I know such recognizable certifications like LEED do prod businesses to do the right thing, but think sustainability is much too big an issue to be reduced to a label in a supermarket. Sustainability must be done, economics or not.
Even the idea of defining sustainable agriculture in scientific reductionist terms is wrongheaded in my philosophic mind. The same scientific sensibility that reduced a plant’s need to NPK now seeks to define sustainability in such a way that regulators can measure it.
But perhaps the biggest reason we should not waste the policy makers time and burden the farmer with compliance is because we cannot really know what sustainable agriculture is. We, as humans, have not been farming long enough to really know how our farming practices truly affect the planet. To look at what farming has done is to be sickened. Even the best organic farmers can not be sure what sustainability is, other than a moving target.
If the market needs a term to validate best practices and spur better farming, let’s build on the work of defining Organic, a description that does not carry as much meaning as many farmers would like. Perhaps ‘Sustained Organic’ or some other thoughtful word that does not presume we can define sustainability would allow eco-farmers, the actual practitioner of sustainability’s best practices, have a marketing edge without claiming “the answer” for our future.
– Saxon Holt
Anyone who has had to work with the USDA Organic standard and seen what a step down it has been from the previous system would just tear their hair in furry at the idea of a “sustainability” standard. We don’t even have a model of sustainability. How can we hope to develop measurable standard. It is just pure marketing horse shit!
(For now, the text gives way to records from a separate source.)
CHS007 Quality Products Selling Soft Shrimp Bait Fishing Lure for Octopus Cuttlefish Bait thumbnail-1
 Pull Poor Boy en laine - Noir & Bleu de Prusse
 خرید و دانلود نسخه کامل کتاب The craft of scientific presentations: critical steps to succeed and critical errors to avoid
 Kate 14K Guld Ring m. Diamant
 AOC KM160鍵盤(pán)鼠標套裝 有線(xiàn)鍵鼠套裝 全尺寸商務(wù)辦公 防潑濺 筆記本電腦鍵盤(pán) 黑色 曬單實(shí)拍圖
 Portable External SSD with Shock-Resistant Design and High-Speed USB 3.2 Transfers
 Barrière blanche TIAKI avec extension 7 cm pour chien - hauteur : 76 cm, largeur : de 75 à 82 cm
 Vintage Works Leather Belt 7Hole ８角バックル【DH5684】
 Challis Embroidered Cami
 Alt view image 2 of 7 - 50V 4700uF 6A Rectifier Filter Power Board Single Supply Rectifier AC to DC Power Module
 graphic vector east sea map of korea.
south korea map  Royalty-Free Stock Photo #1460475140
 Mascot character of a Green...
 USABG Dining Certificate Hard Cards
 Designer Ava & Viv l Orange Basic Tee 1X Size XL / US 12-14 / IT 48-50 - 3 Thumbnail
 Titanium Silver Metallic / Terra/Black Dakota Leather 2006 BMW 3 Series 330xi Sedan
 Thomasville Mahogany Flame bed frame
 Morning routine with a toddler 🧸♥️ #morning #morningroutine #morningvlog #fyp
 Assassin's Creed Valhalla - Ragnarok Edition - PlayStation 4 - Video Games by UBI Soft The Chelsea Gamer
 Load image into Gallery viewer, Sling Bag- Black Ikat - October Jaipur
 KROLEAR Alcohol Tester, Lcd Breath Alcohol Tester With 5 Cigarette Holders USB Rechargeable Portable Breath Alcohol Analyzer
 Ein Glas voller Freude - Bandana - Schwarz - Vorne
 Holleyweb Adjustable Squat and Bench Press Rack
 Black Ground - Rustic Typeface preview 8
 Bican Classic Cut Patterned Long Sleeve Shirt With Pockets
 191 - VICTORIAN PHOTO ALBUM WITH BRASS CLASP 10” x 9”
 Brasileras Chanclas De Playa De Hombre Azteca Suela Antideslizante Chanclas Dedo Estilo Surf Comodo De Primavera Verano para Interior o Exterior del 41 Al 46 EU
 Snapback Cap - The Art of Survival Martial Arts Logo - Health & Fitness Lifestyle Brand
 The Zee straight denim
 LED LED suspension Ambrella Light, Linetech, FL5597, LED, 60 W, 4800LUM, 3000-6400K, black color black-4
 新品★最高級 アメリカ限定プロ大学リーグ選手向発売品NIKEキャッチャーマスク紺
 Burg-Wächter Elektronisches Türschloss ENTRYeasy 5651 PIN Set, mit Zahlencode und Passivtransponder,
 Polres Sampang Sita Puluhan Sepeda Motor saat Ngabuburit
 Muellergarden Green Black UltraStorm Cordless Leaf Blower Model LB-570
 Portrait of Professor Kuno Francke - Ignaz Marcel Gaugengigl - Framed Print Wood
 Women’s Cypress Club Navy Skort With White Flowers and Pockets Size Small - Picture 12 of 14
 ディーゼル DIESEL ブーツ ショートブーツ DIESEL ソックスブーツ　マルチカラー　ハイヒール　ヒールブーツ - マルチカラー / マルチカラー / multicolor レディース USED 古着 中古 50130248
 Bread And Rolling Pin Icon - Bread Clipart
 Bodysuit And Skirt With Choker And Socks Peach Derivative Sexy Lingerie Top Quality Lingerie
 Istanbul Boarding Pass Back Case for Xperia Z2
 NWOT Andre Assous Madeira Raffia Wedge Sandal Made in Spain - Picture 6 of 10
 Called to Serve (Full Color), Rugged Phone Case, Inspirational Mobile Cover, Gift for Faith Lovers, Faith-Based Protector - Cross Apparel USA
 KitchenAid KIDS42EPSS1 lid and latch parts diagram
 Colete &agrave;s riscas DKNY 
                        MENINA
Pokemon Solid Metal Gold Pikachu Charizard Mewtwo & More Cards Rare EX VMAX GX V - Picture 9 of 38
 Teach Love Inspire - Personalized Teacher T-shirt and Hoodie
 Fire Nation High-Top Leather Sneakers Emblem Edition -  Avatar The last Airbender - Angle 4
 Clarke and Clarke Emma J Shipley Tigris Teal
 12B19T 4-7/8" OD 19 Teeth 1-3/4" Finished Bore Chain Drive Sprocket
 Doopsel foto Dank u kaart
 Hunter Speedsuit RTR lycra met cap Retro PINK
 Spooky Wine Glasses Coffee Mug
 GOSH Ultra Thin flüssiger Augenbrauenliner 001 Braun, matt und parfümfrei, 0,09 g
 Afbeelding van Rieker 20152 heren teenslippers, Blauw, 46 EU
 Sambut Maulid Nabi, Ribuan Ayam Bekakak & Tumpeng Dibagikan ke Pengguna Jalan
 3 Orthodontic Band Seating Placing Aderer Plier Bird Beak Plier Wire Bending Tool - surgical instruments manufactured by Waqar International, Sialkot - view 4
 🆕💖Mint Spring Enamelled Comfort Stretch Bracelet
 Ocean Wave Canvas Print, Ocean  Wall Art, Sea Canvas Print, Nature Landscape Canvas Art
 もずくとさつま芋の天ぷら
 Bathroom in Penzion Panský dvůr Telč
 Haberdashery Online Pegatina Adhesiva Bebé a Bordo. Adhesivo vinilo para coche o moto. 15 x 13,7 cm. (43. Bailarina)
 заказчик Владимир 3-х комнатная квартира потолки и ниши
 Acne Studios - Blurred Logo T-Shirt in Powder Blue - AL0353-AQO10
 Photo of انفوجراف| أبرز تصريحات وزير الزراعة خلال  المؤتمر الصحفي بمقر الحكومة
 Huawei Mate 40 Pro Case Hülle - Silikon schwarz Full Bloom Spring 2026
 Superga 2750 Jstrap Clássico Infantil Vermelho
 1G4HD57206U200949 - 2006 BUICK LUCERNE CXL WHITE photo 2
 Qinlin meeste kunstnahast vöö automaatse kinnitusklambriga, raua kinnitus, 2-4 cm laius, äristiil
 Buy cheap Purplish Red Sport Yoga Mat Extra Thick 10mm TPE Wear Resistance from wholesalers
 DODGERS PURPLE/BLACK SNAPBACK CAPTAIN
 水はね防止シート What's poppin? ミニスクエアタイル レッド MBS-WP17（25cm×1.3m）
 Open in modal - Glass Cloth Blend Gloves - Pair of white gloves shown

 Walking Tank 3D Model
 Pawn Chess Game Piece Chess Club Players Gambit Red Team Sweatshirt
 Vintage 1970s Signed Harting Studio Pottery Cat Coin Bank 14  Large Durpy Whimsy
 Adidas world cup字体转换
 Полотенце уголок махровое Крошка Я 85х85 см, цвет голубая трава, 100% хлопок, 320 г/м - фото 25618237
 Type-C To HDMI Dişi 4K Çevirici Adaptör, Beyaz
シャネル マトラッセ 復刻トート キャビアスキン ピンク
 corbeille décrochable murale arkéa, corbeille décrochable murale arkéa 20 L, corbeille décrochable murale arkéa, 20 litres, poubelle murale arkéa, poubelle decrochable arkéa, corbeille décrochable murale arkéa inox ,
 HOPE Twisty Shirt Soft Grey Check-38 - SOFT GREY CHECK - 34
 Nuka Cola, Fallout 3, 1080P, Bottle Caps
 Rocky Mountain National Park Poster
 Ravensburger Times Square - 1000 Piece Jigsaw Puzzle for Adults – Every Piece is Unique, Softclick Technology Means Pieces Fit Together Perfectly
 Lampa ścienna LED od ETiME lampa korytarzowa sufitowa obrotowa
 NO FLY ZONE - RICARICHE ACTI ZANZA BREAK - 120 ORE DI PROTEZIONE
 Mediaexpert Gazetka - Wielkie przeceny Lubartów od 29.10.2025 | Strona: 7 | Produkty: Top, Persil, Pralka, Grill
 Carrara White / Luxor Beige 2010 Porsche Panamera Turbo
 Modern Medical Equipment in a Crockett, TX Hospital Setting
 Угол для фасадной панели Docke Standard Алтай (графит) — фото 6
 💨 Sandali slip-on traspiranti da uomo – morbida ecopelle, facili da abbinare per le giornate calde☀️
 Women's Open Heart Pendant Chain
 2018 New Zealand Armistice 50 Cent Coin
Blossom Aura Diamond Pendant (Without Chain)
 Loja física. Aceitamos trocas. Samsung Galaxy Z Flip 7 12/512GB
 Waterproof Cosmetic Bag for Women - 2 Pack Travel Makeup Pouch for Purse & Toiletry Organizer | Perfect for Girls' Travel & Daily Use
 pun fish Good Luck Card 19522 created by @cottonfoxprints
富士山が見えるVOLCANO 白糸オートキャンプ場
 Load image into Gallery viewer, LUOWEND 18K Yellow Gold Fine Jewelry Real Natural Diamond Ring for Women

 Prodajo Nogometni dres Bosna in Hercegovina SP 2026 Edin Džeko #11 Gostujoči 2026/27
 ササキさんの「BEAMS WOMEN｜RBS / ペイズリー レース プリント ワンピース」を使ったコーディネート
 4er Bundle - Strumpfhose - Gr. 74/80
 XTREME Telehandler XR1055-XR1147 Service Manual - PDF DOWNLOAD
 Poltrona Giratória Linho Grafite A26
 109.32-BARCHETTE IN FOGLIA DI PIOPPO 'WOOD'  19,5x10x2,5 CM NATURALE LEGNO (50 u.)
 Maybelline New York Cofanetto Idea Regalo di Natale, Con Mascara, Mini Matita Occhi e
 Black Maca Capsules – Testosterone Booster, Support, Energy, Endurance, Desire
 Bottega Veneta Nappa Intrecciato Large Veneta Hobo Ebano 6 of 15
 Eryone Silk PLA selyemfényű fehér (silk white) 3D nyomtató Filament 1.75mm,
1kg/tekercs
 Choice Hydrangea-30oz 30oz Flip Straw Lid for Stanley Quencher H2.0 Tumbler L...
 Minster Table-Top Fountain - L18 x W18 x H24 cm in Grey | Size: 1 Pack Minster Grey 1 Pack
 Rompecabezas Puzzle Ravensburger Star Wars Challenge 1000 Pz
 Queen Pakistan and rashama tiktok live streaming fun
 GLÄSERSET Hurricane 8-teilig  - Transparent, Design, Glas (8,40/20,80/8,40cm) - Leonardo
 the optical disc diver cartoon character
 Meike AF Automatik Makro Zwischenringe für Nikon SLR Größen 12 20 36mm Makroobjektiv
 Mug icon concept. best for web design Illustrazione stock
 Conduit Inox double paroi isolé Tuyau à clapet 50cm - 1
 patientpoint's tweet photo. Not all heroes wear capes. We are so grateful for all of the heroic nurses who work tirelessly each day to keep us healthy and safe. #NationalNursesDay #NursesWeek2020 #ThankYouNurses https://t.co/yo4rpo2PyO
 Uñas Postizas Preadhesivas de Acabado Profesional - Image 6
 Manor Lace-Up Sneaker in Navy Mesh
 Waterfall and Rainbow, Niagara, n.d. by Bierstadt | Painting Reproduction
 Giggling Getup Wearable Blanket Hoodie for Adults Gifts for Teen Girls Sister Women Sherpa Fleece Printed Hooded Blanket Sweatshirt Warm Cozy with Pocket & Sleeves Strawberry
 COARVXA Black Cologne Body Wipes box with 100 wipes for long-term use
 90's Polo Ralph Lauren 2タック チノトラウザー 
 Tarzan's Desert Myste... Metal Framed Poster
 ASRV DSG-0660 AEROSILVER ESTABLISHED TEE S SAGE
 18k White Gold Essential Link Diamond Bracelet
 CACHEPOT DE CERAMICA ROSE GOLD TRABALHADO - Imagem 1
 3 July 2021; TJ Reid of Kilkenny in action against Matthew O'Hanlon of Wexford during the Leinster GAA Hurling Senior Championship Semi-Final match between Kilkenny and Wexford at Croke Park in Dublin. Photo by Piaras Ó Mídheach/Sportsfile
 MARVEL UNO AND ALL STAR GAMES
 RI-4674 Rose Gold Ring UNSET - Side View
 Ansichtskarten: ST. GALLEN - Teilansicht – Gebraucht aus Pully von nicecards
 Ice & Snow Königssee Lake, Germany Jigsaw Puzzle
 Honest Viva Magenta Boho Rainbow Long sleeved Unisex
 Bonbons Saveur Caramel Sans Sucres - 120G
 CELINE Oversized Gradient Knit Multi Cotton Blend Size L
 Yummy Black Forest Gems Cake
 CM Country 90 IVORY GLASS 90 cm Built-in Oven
It’s tricky. I mean, of course it’s about money–farmers expect to get paid for their work, and those farmers who are really doing the right thing in terms of sustainability would like to be able to let their customers know that. Many of us want to vote with our dollars and reward farms for doing the right thing, but we need a way to know which farms those are. (And yes, going to the farmer’s market and talking to the farmer directly is a great way to do that–although not always possible.)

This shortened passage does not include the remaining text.